In effetti, quello che viene richiesto dal Papa è di raggiungere le periferie, le «frontiere», tutto ciò che è distante, non solo geograficamente, ma anche a livello esistenziale. Ecco che allora si manifestano le implicazioni dell’evangelizzazione, in tutta la sua finitezza e ampiezza, nel suo progetto quotidiano e assoluto. Questa spiritualità "ad gentes" non tollera deleghe e impone un decentramento in relazione ai tradizionali obiettivi di una società planetaria inerte di fronte al proprio destino. Naturalmente, l’andare esige un movimento, nello spazio e nel tempo, che non può però prescindere, nel magistero di papa Bergoglio, dall’opzione preferenziale a fianco degli ultimi, di coloro che sono relegati nei bassifondi della società e della storia. Essere credenti, infatti, significa assunzione delle proprie responsabilità rispetto alla conversione del cuore, al bene condiviso, alla pace, alla giustizia, alla riconciliazione, al rispetto del creato.
Si capisce, allora perché, come ha scritto Papa Francesco, «donare missionari e missionarie non è mai una perdita, ma un guadagno». Parole sagge ed estremamente eloquenti che provocano fortemente coloro che hanno una visione ristretta, privatistica, algida e ingessata della fede. Inviare missionari, d’altronde, poco importa se "fidei donum", religiosi o laici, è un investimento per tutti coloro che credono in un mondo migliore, ispirato dal Vangelo.

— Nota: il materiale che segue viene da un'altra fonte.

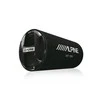 Subwoofer Alpine SWT-12S4 (juodos spalvos)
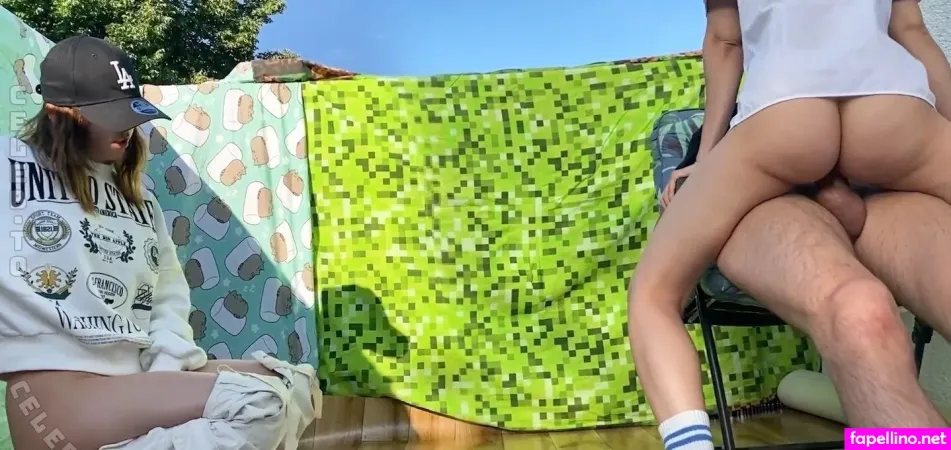 Small Molly OnlyFans Thumbnail #AMHWEFcdVe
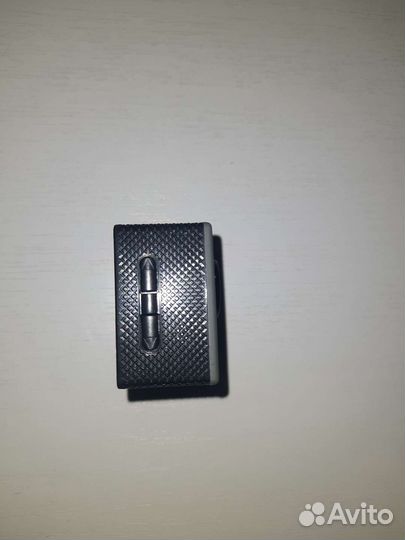 Экшн камера Digma DiCam 385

Ne consegue una circolarità dell’evangelizzazione che genera lo scambio e rafforza idealmente l’universalità. Pertanto, Francesco ha esortato nella sua missiva «i missionari e le missionarie (…) a portare la loro gioia e la loro esperienza alle Chiese da cui provengono». Questo, in sostanza, significa che l’evangelizzazione non consiste solo nel "dare", ma anche nel "ricevere", esprimendo uno scambio di esperienze e dunque di vita, che arricchisce le singole comunità cristiane.
L’elezione dell’arcivescovo di Buenos Aires alla Sede di Roma, in fondo, è espressione di una restituzione della fede dalla «fine del mondo», per ridare impulso laddove il progresso non è sempre coinciso con le istanze umane e spirituali. Ecco che allora la missione non può essere percepita come una realtà a sé stante, rispetto alle attività pastorali delle Chiese particolari, ma piuttosto come un elemento imprescindibile per dirsi davvero cristiani. Se la dimensione religiosa viene spesso  percepita nella nostra società globalizzata come un qualcosa di accessorio è perché non abbiamo compreso che la missione non può rimanere confinata nelle sacrestie, ma abbraccia il mondo intero.
La presenza di tanti nostri connazionali che hanno fatto la scelta di vivere nel mondo il messaggio evangelico, ci spinge, a volare alto come aquile, evitando di schiamazzare nel pollaio. Ma questo sarà possibile nella misura in cui sapremo esporci ai lontani, per conoscersi, farsi conoscere e realizzare una relazione di «vita buona» da cui far scaturire la bellezza dell’essere cristiani.